Mournful Muni Experts See End of an Era

CHARLESTON, S.C. — Market experts on Thursday painted a bleak picture of the municipal securities market over the next few years, saying the high bond volume of the past six years is gone and unlikely to return.

At a three-day conference of the National Federation of Municipal Analysts, market experts stressed that even with recent signs of a muni market rally, significant pressures remain on state and local governments. They range from federal spending cuts and possible legislative restrictions on tax-exempt bonds to hostility among some congressional Republicans, who view bond projects as wasteful government spending.

Their remarks came as the House Ways and Means Committee’s oversight panel weighed the Public Employee Pension Transparency Act, a bill sponsored by Rep. Devin Nunes, R-Calif., that would prevent state and local governments from issuing tax-exempt, tax-credit or direct-pay bonds if they failed to file annual reports with the Treasury Department disclosing certain information, including how they calculate their unfunded pension liabilities.

The bill also would require governments to value their pension assets and liabilities using a so-called riskless rate of return pegged to a Treasury rate of 4-5%, which is lower than the more broadly used historic rate of return, generally 7-8%.

“The golden days of new-issue bonds in the muni market are behind us for an extended period of time,” said George Friedlander, chief municipal strategist at Citi.

Specifically, he predicted that the muni market’s overall 2011 volume will peak at $240 billion, with $100 billion coming in the first half of the year and the remainder in the second half.

It could take years, or perhaps even decades, Friedlander said, before bond volume approaches the ranges of between $400 billion and $430 billion that were seen during the six years before 2011. In the next three years, he predicted bond volume will be at or just above $300 billion, rising from there in later years.

“This is the bottom year for volume and we rebound from here,” Friedlander said.

A key driver in the reduced volume, he noted, is the shift in policy priorities at the federal level, especially on spending cuts and deficit reduction. At the same time, state and local governments are grappling with dwindling tax revenues from the prolonged recession.

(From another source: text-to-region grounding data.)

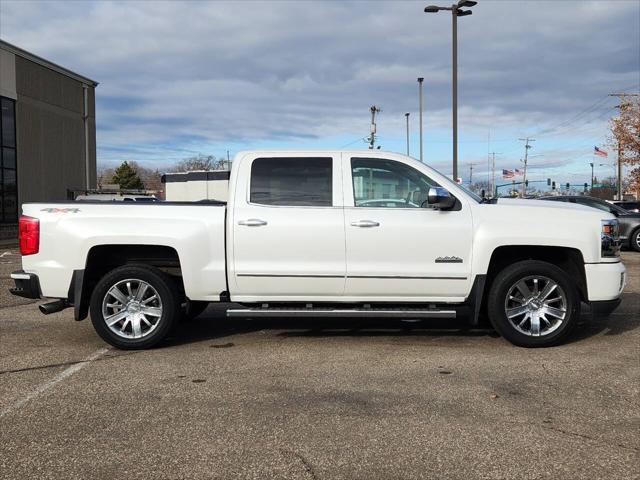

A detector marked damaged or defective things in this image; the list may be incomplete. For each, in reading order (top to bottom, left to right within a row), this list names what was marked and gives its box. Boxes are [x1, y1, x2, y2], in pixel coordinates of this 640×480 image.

cracked pavement [0, 249, 636, 478]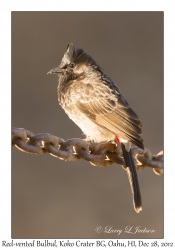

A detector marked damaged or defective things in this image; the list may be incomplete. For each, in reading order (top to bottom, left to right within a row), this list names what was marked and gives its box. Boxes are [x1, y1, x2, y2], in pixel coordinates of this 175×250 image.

rust on chain [11, 127, 163, 176]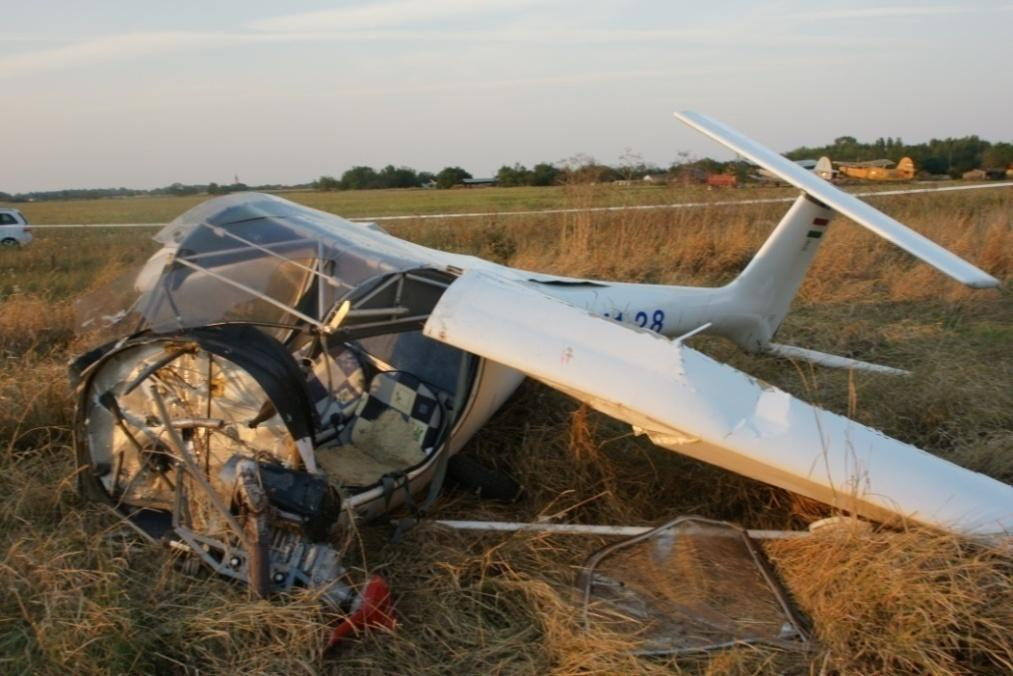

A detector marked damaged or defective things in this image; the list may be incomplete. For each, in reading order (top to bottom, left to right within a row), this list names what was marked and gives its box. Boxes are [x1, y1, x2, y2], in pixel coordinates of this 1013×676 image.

shattered canopy [78, 190, 426, 338]
crashed ultralight aircraft [73, 112, 1012, 616]
bent wing [424, 270, 1012, 540]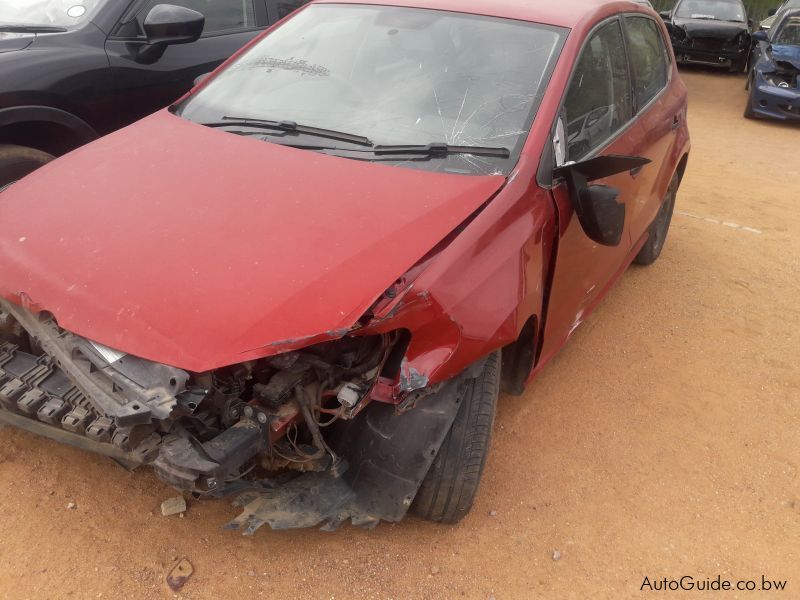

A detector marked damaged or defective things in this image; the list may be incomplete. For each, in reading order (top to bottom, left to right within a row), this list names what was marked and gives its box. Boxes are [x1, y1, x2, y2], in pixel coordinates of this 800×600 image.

damaged red hatchback [0, 0, 688, 536]
damaged body panel [0, 0, 688, 536]
wrecked car in background [0, 0, 692, 536]
cracked windshield [177, 3, 564, 175]
wrecked car in background [660, 0, 752, 71]
wrecked car in background [744, 9, 800, 119]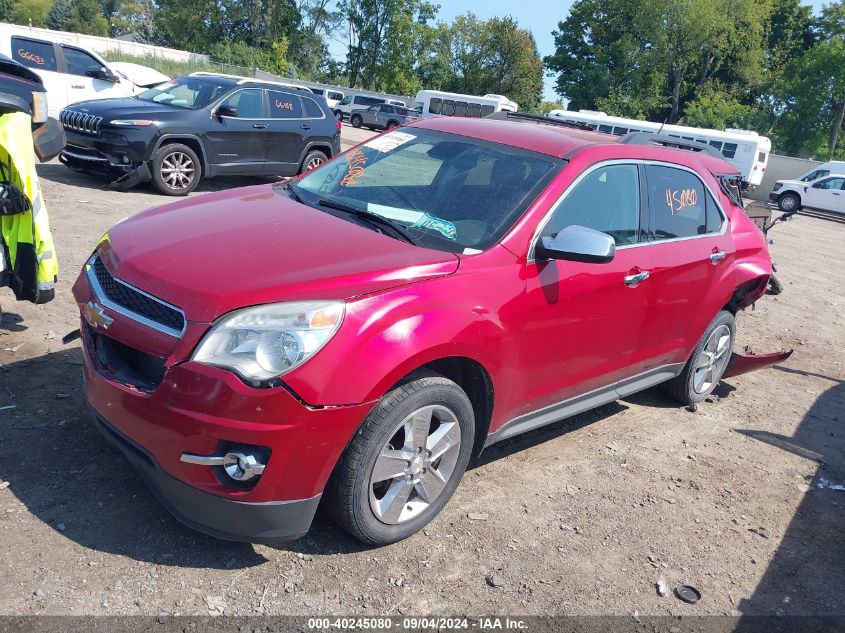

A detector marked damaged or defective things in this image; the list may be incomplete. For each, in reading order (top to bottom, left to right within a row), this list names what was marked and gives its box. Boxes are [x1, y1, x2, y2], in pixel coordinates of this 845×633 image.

damaged rear bumper [720, 344, 792, 378]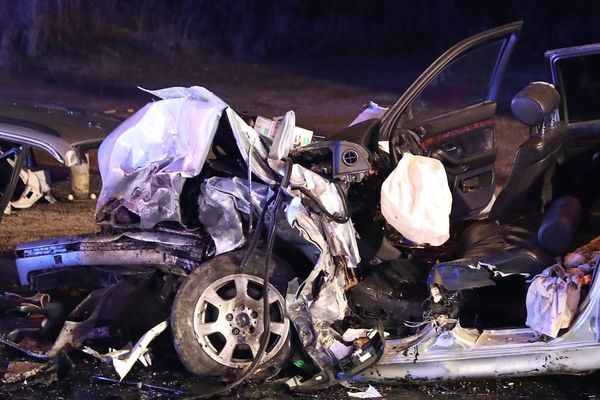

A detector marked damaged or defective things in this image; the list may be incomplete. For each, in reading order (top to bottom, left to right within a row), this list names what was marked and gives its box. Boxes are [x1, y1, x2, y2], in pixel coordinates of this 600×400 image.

torn sheet metal [96, 86, 227, 230]
crumpled metal panel [96, 86, 227, 230]
torn sheet metal [197, 177, 272, 255]
torn sheet metal [524, 266, 580, 338]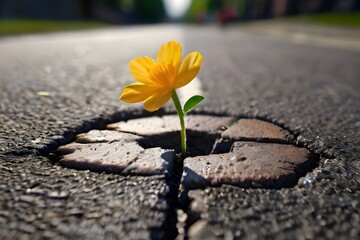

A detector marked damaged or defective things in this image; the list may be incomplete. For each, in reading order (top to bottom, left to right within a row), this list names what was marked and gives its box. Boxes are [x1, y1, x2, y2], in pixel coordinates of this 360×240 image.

pothole [52, 113, 318, 190]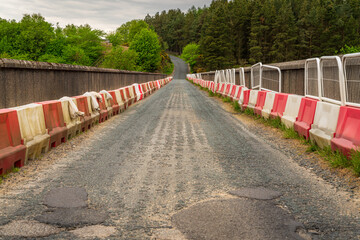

Federal officials, he said, will reduce the federal deficit by pushing costs onto state and local governments.

“I don’t see any way that will not happen,” Friedlander said.

At the state and local level, he noted, many officials have embraced a new austerity about spending and borrowing, deferring bond issuance until absolutely necessary.

“Cutting ribbons used to be a politically popular thing to do,” Friedlander said. “Now cutting ribbons equals being a spender and it’s a politically unpopular thing to do.”

Other panelists and speakers at the conference echoed his concerns.

“I do think the muni market is in transition,” said John Dillon, chief municipal bond strategist at Morgan Stanley Smith Barney, noting he has seen a recent rally and expects continued improvement in the second half of this year.

“This market has a lot of sentiment to it,” he said. “It can turn on a dime.”

Dillon added, however, that long-term concerns remain, though he did not include widespread defaults by state and local governments among them.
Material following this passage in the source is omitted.